**TRY IT:** Begin at the line that has "Person in orange", stop after the line that has "River Island Leopard", and print exactly those lines from the records below, without any pictures.

**EXERCISE MATERIAL:**
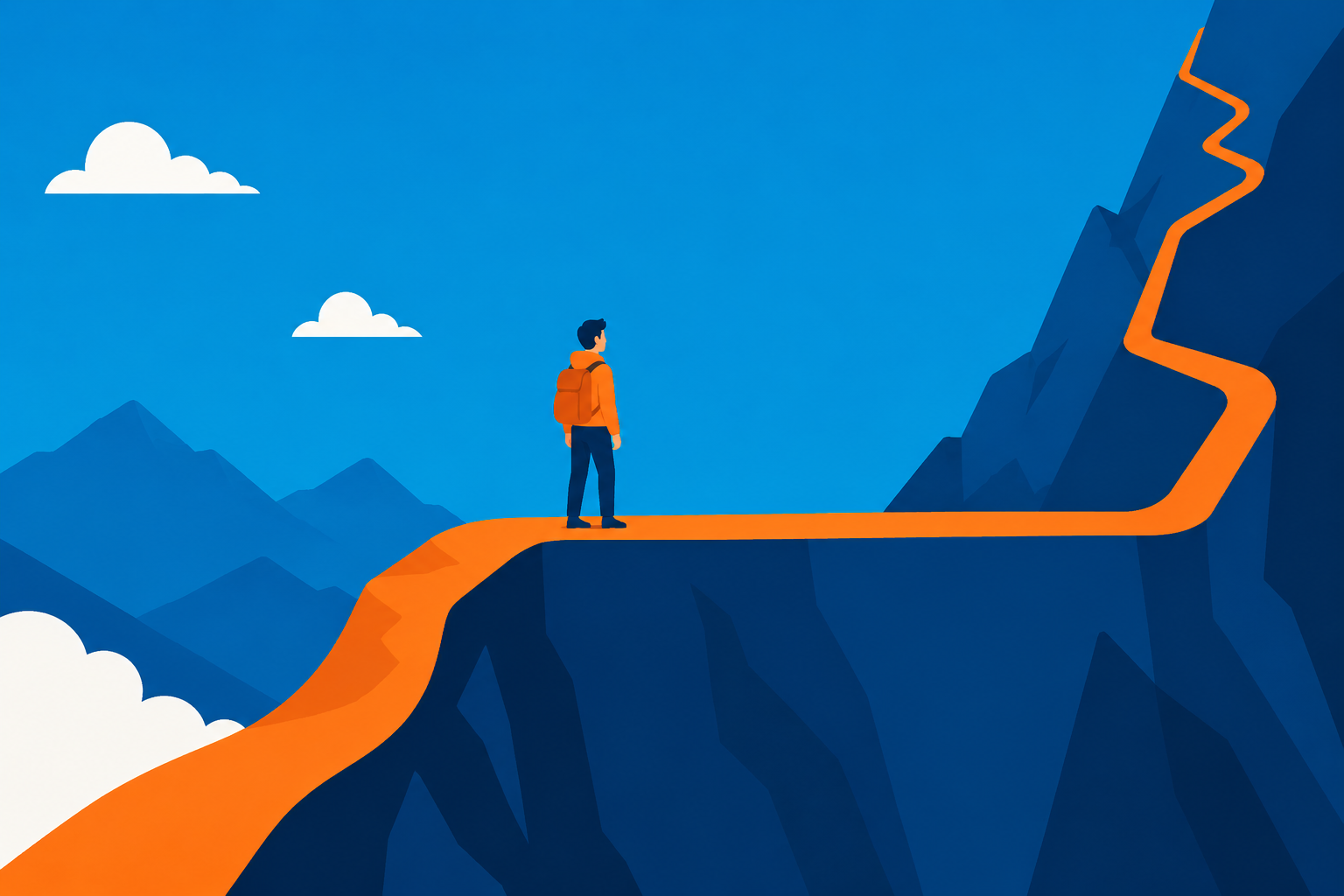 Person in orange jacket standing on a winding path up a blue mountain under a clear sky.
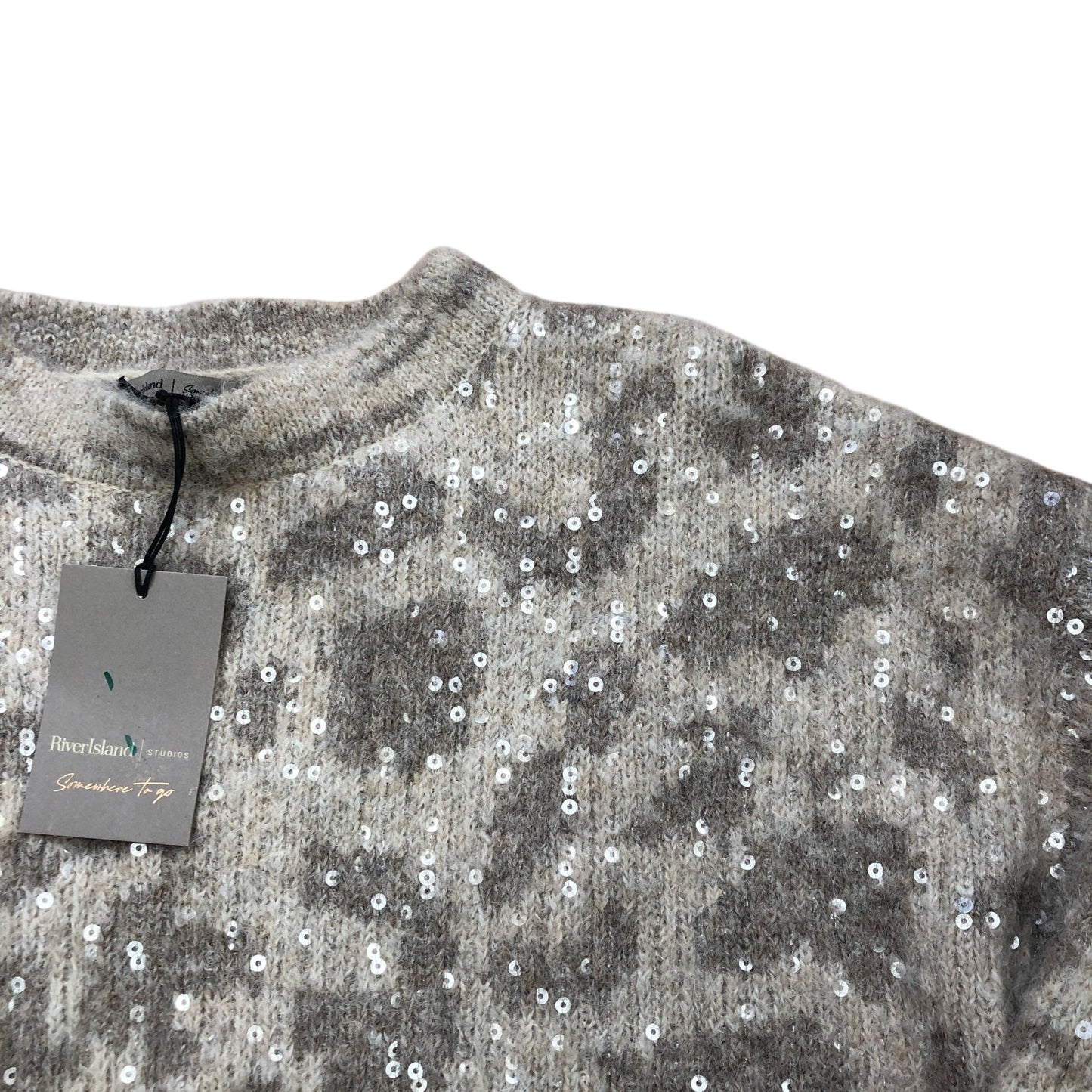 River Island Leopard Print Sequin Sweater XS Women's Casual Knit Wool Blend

* * *

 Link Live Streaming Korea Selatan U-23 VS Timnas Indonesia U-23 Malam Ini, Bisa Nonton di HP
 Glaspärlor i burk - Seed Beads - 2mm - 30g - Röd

**OUTPUT FOR THIS EXERCISE:**
 Person in orange jacket standing on a winding path up a blue mountain under a clear sky.
 River Island Leopard Print Sequin Sweater XS Women's Casual Knit Wool Blend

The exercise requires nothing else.